Task description: Set down each line from the line holding "Croatia's Marin Cilic" to the last line of the entries below, exactly, with both ends included and without pictures.

Supplied entries:

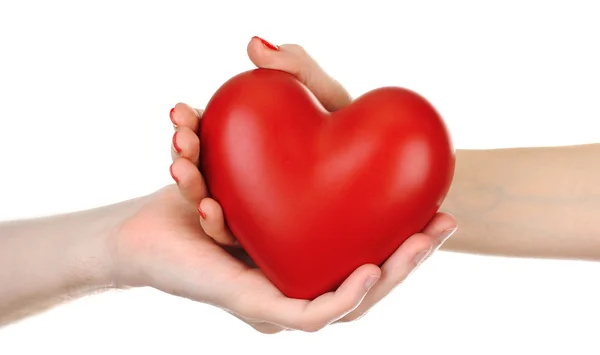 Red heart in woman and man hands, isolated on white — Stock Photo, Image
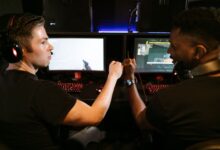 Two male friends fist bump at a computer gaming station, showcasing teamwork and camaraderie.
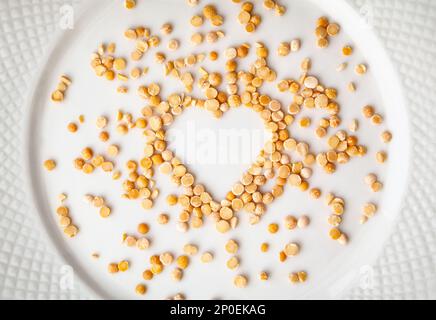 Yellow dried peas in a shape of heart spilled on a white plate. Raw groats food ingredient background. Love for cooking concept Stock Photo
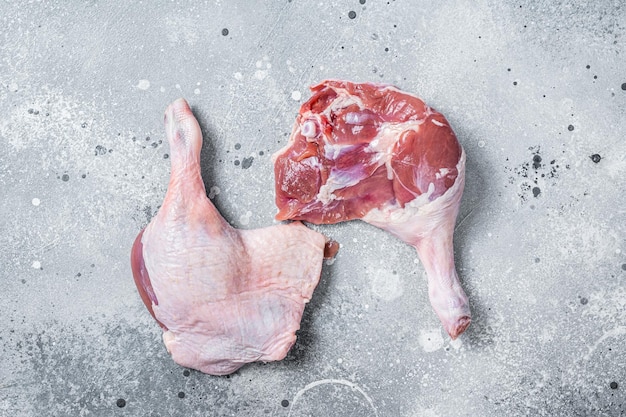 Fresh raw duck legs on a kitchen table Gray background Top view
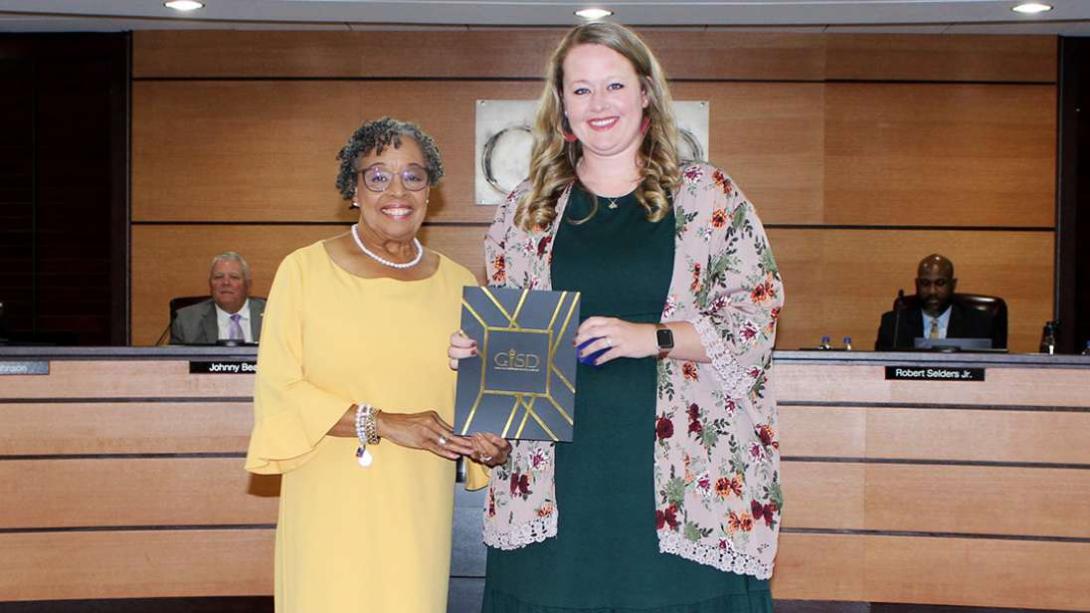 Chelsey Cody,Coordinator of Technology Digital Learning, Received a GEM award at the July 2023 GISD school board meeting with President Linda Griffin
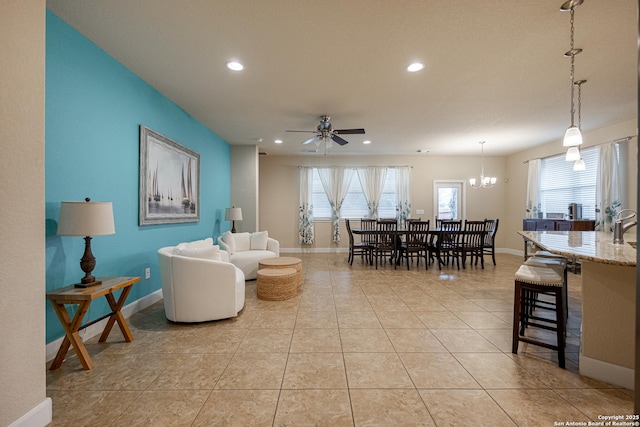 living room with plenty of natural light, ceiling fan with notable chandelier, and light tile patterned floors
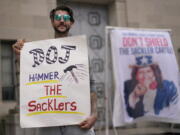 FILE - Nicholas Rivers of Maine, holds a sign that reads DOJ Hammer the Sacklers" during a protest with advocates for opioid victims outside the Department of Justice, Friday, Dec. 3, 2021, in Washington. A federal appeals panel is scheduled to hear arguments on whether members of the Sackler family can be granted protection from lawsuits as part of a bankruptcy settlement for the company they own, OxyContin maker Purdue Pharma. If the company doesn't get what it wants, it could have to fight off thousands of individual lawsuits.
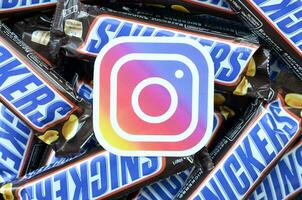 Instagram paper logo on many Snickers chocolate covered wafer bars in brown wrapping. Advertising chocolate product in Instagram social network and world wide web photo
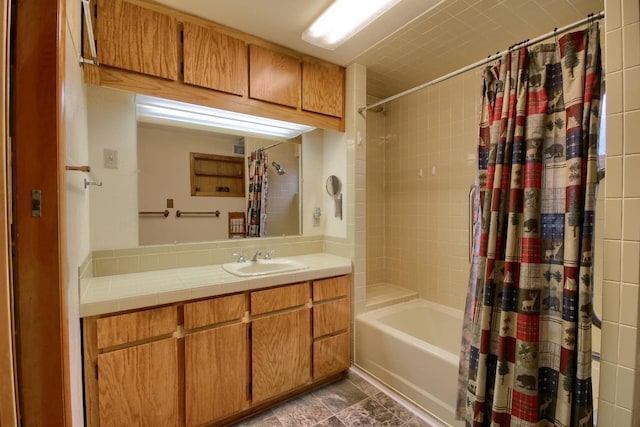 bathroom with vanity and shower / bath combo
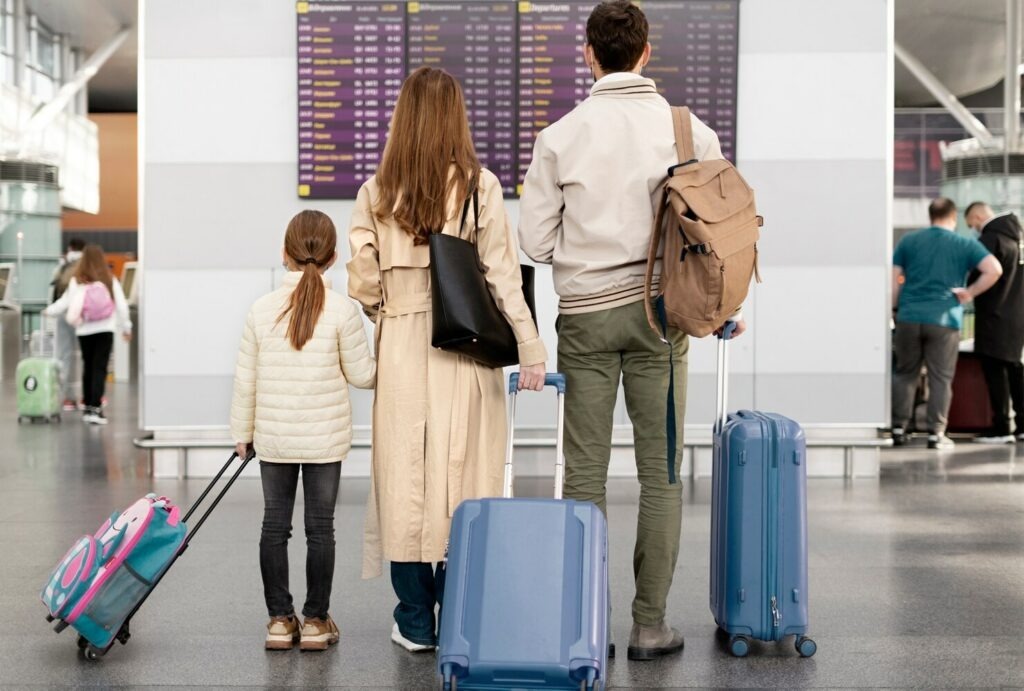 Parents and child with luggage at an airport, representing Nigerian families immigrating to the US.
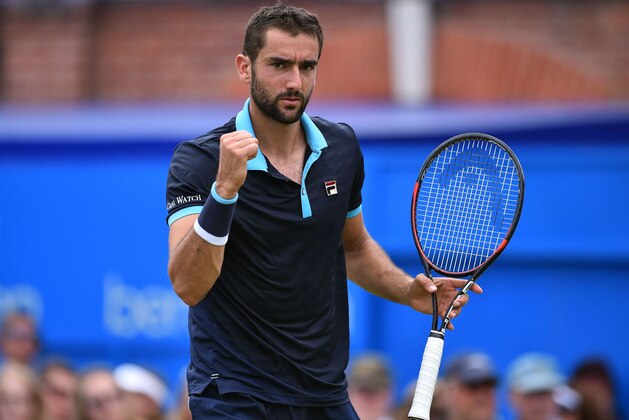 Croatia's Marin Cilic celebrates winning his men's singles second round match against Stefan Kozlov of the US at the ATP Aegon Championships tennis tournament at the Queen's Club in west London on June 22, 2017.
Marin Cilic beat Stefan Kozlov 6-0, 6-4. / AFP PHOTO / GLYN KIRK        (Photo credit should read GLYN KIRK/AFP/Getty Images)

Result of the task:
 Croatia's Marin Cilic celebrates winning his men's singles second round match against Stefan Kozlov of the US at the ATP Aegon Championships tennis tournament at the Queen's Club in west London on June 22, 2017.
Marin Cilic beat Stefan Kozlov 6-0, 6-4. / AFP PHOTO / GLYN KIRK        (Photo credit should read GLYN KIRK/AFP/Getty Images)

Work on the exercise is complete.